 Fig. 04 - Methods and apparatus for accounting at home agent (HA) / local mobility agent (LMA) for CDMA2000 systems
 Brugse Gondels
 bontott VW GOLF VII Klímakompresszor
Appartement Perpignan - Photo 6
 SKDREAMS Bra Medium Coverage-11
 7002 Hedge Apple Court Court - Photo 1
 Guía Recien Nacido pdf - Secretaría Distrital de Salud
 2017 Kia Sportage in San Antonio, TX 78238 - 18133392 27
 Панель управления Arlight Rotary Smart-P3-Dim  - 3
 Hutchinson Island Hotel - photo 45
________
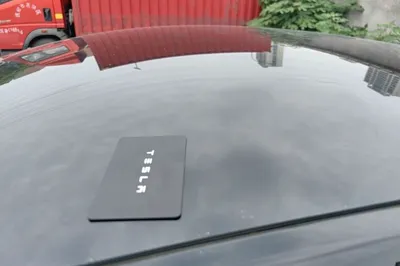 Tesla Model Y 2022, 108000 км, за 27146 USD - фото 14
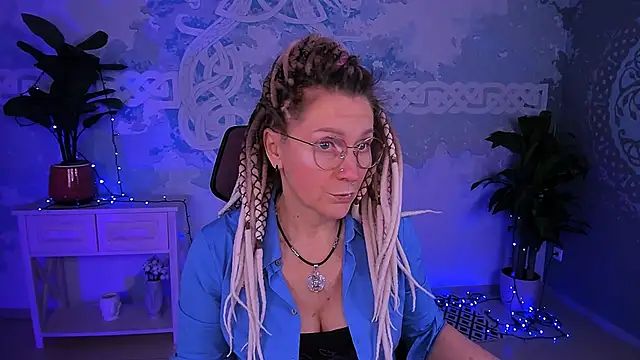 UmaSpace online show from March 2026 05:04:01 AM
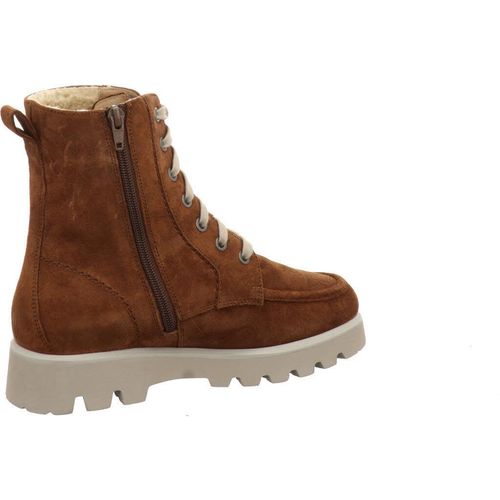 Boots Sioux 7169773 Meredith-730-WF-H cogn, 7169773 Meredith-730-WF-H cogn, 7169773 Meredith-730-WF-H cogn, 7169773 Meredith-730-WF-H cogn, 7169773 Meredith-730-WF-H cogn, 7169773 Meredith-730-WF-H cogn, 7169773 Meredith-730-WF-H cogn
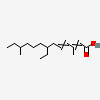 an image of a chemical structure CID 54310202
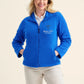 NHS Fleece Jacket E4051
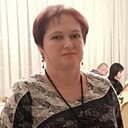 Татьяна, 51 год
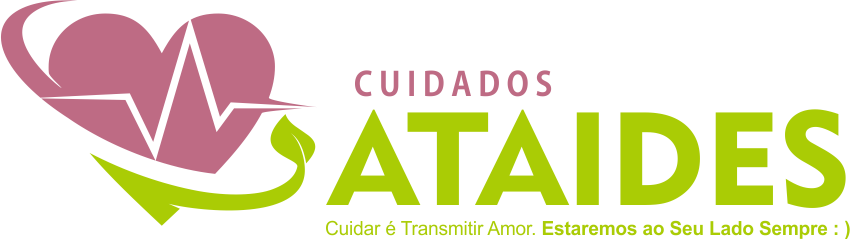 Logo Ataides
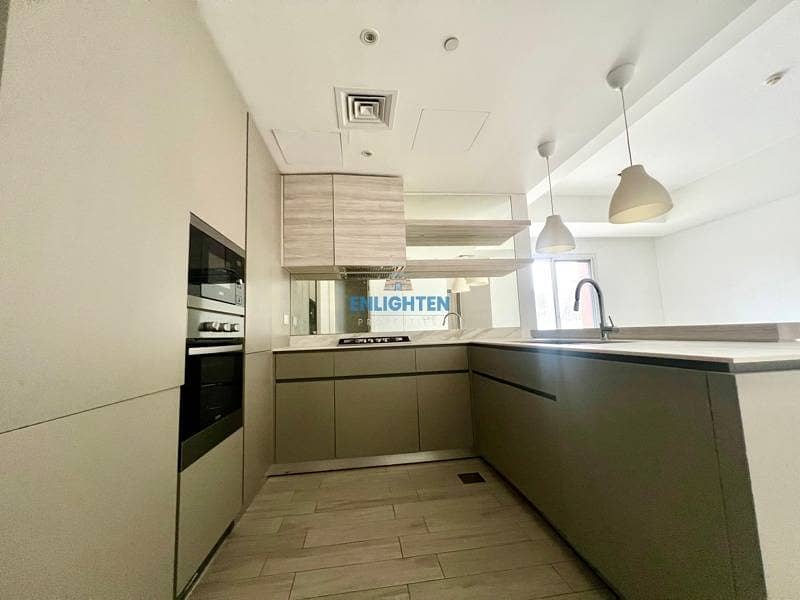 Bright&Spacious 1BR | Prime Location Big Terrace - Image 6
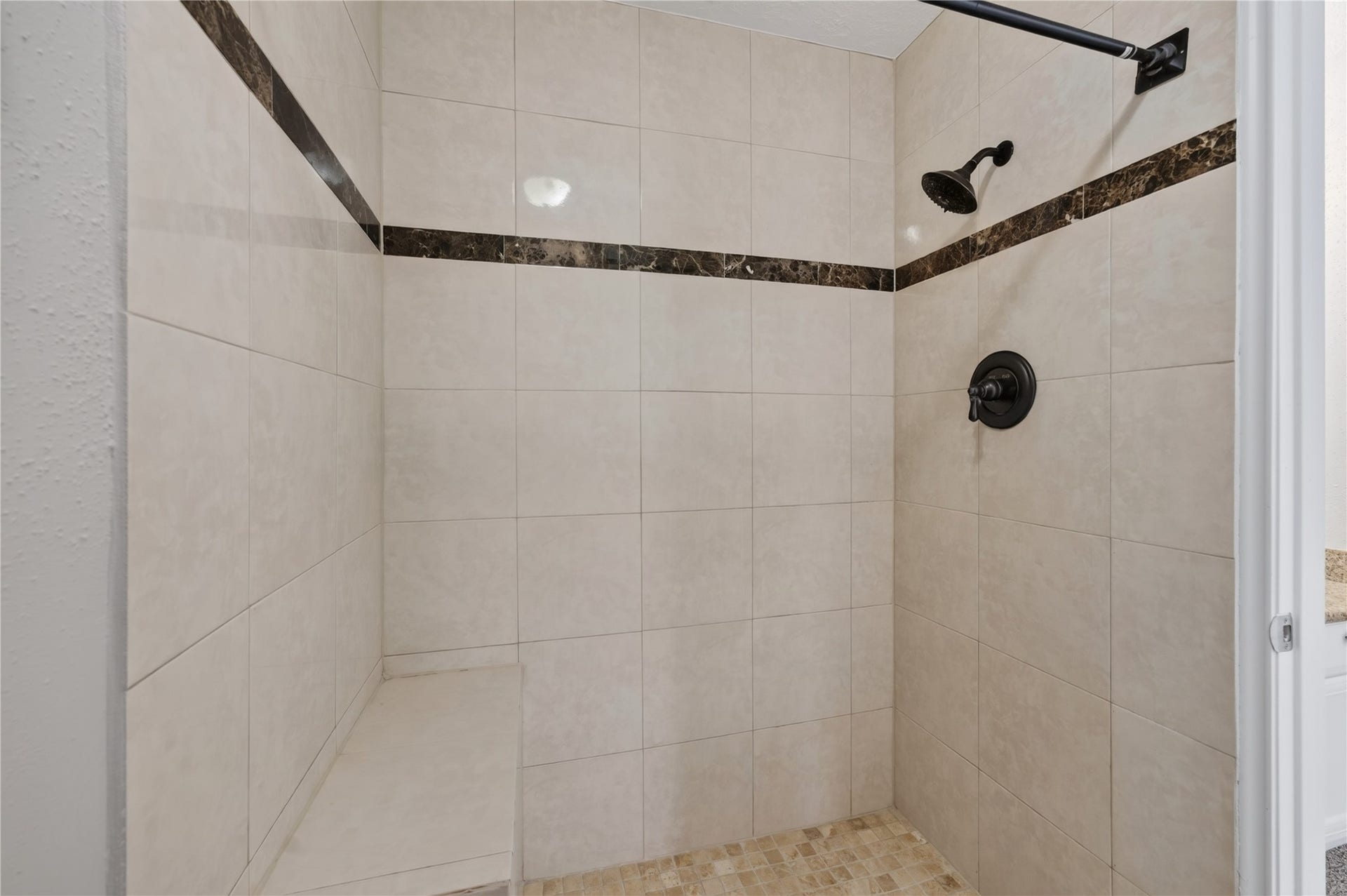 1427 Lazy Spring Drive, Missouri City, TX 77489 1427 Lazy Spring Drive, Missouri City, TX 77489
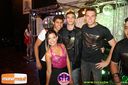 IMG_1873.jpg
________
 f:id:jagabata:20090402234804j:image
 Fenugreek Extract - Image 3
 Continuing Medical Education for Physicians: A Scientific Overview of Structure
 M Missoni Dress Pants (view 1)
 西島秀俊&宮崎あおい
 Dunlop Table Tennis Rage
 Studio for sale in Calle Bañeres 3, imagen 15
________
WORK TASK: Leave out every line above except those from the line with "SKDREAMS Bra Medium Coverage-11" up to and including the line with "Hutchinson Island Hotel - photo 45", and copy those exactly.

ANSWER TO THE PROBLEM:
 SKDREAMS Bra Medium Coverage-11
 7002 Hedge Apple Court Court - Photo 1
 Guía Recien Nacido pdf - Secretaría Distrital de Salud
 2017 Kia Sportage in San Antonio, TX 78238 - 18133392 27
 Панель управления Arlight Rotary Smart-P3-Dim  - 3
 Hutchinson Island Hotel - photo 45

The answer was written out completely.